A wave of sketchy branded content videos hit some of the most popular channels on YouTube in recent weeks, promoting a service that is either a gambling site targeted to kids and teens, or a form of still-legal online gaming called “Loot boxes.”
The concerns surround a new YouTube-focused campaign from a mysterious company called Mystery Brand.
The Mystery Brand website lets users pay to open virtual “mystery boxes” with prizes ranging from an “icicle” to designer sneakers to a $250 million house in Los Angeles, that the company does not actually own. Users can then choose to keep what they “won” in the box and have it shipped to them, or keep playing and open more boxes.
The ads appeared on channels run by Jake Paul (17M subscribers) Bryan “Ricegum” Le (10M subscribers), among many others. Perhaps more notable, a number of channels specifically targeted kids, including Guava Juice (12M subscribers) and Morgan “Morgz” Hudson (7M subscribers) also published Mystery Brand videos.
Another YouTuber, Keemstar, who has 4.6M subscribers, says he was offered $100,000 by the company to do a promotional video — and called the shady branded videos the “First big story of 2019!”
Concern around the ads first started bubbling up on Reddit Wednesday, and The Daily Beast subsequently looked into the company further. It appears to be based in Poland, and wrote terms of service so broad as to give them carte blanche over what consumers actually “win” in the mystery boxes.
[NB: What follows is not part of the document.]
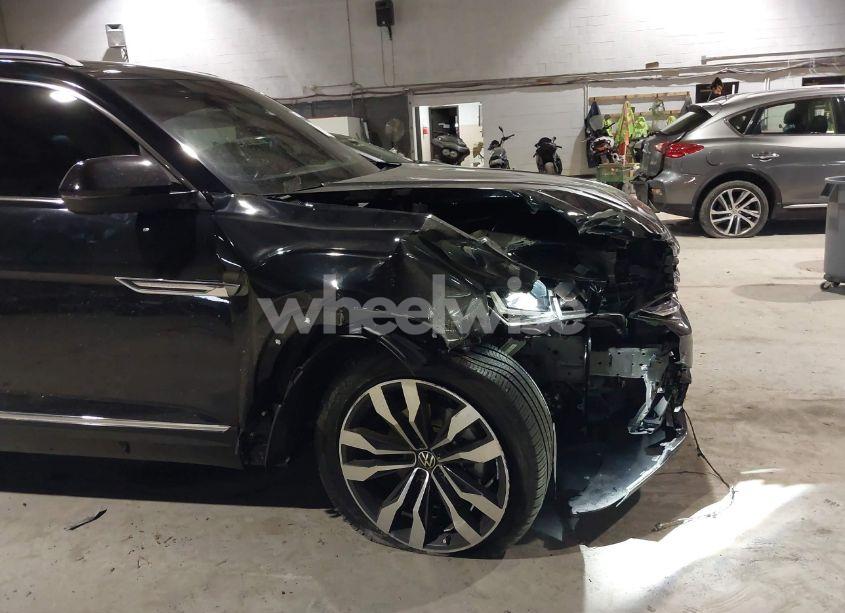 Photo 6 of 2022 Volkswagen Atlas CROSS SPORT 3.6L V6 SEL PREMIUM R-LINE (VIN 1V2FE2CAXNC204546)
The site seems to walk a still-blurry line between online gambling—which is only legal in a handful of states, and only to adults of age—and so-called “loot boxes,” a kind of virtual game that originated in video games. Typically in video games users pay to open X number of loot boxes, and the game randomly generates prizes (often costumers, skins and other virtual goods) that the player wins.
Mystery Brand is taking the loot box concept to the real world, skipping the game part altogether. Users simply pay to open the boxes and can choose to keep the prizes, which may or may not be as advertised.
Loot boxes have become a bipartisan hot topic on the regulatory, with the Federal Trade Commission saying it is looking into the practice.
What is notable about the new wave of YouTube ads for Mystery Brand is that it combined concerns about loot boxes with concerns about branded content on what has become the biggest free video platform in the world.
Whether this campaign spurs action from YouTube or the FTC will be a major test of how seriously the government and platforms are taking the controversy.